I am going to see if we can get this issue prioritized so it doesn’t cause problems in the future. Let me know if you have any more issues.

Great, thanks for all your help.

Unfortunately now all my builds for this service are just hanging on ‘In progress’ with nothing to show in the logs. Any idea what’s happening?

1 Like

Yeah having the same issue also over here with my builds just hanging on “In progress”

1 Like

Is your service also a docker web service?

It’s a web application/server in a Docker image, if that’s what you mean

1 Like

Getting 502s also on another Render project, all this while the status page says there’s no problems… heh

All our systems have now been restored and we are monitoring to ensure everything stays healthy. Please let us know if you continue to see issues.

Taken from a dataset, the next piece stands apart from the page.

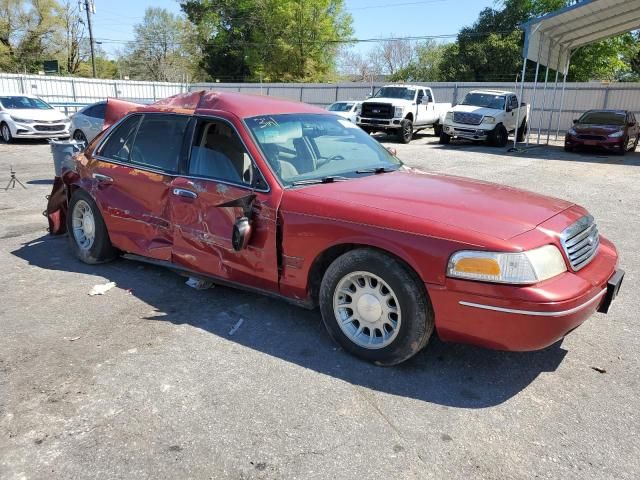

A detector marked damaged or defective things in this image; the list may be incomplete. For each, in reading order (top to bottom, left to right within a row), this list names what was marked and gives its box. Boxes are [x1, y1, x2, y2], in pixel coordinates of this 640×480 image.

damaged rear door [91, 113, 190, 260]
damaged rear door [168, 115, 280, 292] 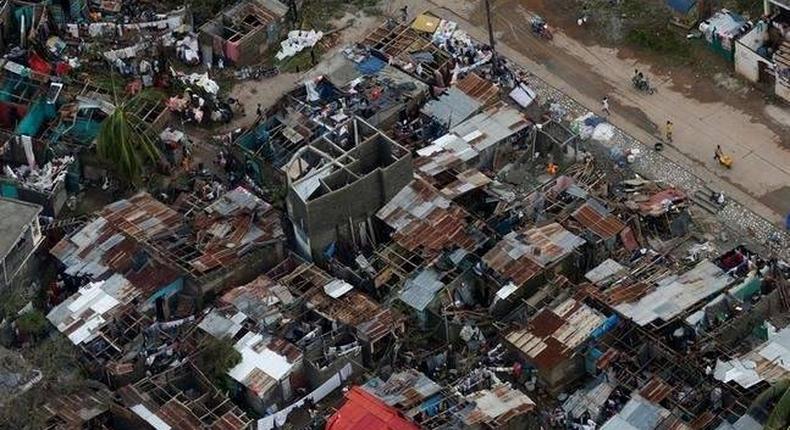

We will publish a postmortem after we conduct a full root cause analysis. Let us know if there’s anything else we can do to earn back your confidence. We know we fell short today, but we are working all the time towards higher reliability. It’s our top priority as a company.

I’m very sorry for the extended disruption.